- The Dutch smoke more than anyone in the developed world—around one in three adults are regular smokers. [The Guardian, 30th July 2005]
- From 1946-78, South Korea received nearly as much US aid as Africa. [New Yorker, 25th July 2005]
- Ten years after graduation, 44 per cent of 1980 female Harvard graduates who had married kept their own name, while just 32 per cent of 1990 graduates kept theirs. [Harvard Gazette, 26th August 2004]
- Per capita, Australia emits 30 per cent more greenhouse gases than the US. [Adam Smith Institute]

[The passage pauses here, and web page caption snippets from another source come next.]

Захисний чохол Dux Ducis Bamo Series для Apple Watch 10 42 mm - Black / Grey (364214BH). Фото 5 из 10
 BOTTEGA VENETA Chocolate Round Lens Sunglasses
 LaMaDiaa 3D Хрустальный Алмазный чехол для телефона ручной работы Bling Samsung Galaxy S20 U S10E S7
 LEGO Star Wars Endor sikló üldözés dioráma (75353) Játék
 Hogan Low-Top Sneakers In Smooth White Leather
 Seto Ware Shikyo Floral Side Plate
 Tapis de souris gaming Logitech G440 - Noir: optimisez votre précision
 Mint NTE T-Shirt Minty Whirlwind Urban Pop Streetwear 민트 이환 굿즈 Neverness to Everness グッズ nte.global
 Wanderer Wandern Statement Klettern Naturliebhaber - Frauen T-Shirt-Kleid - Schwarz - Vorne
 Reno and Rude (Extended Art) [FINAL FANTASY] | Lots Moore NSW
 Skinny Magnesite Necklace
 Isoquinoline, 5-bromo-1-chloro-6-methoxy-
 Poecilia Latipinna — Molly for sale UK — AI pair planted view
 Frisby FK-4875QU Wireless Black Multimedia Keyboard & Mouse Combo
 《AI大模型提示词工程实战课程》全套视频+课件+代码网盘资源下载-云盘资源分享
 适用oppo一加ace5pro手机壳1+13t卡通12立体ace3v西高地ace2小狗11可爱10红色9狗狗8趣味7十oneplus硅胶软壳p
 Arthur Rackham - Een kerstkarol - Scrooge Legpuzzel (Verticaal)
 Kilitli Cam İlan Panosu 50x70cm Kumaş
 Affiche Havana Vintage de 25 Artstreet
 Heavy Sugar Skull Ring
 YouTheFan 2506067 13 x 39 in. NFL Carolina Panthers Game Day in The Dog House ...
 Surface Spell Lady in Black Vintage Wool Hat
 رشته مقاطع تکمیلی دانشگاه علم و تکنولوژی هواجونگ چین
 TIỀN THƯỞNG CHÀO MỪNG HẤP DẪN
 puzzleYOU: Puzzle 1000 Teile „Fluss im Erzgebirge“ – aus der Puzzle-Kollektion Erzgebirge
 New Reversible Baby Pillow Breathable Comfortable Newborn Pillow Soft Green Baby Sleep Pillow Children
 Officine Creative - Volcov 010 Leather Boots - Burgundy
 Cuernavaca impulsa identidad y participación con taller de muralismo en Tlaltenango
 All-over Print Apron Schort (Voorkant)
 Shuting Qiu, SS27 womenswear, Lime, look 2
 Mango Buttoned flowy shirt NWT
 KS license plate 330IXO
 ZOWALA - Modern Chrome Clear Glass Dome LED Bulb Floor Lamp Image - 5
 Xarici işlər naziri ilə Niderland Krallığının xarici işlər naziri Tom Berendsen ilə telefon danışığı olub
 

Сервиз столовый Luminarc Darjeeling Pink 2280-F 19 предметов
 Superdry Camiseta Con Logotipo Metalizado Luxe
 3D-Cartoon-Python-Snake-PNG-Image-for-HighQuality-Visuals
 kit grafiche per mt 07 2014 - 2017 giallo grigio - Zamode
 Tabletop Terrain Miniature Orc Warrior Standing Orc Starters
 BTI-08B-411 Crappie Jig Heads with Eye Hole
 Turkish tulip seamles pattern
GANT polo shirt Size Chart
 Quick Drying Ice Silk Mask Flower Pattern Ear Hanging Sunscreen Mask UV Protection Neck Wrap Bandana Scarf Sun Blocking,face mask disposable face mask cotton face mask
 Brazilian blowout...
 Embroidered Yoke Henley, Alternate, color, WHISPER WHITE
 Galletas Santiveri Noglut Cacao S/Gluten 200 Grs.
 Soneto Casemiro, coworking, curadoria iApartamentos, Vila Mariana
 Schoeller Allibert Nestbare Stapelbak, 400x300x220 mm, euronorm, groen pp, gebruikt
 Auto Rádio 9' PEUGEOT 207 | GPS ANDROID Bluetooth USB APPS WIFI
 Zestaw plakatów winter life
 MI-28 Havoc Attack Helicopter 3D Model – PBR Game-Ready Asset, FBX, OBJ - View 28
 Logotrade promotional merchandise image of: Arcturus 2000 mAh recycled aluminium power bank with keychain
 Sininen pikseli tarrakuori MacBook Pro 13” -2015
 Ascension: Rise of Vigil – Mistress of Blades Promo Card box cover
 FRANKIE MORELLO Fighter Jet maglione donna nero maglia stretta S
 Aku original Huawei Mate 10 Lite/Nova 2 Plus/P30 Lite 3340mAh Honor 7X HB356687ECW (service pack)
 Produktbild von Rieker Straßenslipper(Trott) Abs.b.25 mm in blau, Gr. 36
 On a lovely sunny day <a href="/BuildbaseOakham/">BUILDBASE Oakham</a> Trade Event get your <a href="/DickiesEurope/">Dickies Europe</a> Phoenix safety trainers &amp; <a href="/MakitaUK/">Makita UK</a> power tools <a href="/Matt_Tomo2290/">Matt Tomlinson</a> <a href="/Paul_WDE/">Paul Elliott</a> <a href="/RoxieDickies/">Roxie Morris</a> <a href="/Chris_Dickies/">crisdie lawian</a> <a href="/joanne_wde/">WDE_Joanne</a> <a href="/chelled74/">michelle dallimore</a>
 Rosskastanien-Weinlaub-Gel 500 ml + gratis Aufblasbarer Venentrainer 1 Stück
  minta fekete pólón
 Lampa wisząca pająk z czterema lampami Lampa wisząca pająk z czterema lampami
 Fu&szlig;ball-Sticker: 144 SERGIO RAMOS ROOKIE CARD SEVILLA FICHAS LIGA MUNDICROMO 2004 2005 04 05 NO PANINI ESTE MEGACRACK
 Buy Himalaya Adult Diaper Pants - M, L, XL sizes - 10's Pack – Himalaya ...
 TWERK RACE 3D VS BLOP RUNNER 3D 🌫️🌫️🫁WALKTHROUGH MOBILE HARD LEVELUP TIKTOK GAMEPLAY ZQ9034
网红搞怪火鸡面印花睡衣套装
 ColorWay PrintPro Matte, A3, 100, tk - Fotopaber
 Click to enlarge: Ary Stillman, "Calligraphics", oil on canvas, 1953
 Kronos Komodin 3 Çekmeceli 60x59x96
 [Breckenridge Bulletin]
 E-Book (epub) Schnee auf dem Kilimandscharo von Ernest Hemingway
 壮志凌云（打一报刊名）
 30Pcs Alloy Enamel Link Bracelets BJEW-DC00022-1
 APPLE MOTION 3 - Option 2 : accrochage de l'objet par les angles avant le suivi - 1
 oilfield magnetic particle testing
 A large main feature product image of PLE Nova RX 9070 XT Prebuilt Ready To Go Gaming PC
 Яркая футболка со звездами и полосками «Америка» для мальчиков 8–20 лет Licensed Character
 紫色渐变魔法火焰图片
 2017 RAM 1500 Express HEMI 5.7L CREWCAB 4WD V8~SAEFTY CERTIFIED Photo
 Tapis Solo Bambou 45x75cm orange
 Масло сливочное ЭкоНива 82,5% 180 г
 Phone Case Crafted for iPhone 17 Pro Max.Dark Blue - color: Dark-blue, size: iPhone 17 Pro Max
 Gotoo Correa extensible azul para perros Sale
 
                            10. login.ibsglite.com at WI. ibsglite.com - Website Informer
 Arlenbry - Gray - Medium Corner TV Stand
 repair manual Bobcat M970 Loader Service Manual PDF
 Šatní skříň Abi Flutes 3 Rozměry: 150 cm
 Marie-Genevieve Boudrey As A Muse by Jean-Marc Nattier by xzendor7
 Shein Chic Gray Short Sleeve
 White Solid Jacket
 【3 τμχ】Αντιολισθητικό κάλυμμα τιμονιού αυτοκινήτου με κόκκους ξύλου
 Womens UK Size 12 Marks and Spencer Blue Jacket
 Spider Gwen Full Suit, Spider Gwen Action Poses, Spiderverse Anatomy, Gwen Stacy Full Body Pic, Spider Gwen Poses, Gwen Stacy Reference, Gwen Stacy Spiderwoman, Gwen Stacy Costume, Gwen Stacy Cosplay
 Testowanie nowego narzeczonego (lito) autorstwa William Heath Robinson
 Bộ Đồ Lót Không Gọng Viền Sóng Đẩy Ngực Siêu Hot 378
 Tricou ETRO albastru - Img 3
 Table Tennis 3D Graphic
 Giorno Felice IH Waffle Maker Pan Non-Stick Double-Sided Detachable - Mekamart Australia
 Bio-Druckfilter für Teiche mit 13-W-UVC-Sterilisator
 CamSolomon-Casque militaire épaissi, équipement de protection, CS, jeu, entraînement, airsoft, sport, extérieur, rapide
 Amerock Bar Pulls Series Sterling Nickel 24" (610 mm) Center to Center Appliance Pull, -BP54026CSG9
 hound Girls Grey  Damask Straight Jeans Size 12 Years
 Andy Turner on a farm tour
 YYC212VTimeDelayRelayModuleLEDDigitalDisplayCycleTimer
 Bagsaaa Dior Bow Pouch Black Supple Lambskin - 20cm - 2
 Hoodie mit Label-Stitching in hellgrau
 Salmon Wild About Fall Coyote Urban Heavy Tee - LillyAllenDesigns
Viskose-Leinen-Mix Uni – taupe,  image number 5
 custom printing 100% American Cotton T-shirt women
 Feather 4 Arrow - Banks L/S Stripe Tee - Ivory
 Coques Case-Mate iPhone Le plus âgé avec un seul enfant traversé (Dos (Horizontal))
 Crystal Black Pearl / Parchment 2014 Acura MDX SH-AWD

- 5.8 per cent of people ever born are alive today. [Population Reference Bureau]
- Since the 7th July bombings, tube passenger numbers have dropped by 15 per cent on weekdays and 30 per cent on weekends. Bus numbers are steady. [The Guardian, 4th August 2005]
- There are 6,000 CCTV cameras on the London Underground, but only 900 that record permanently on the Paris metro and RER rail network. [The Economist, 13th July 2005]
- On average, Americans are more than four times as likely to move house over a year than the Japanese. [Slate, 18th July 2005]
- 2 per cent of the electricity used by a lightbulb is converted into light, the rest into heat. [Countdown to a fairer world, New Internationalist]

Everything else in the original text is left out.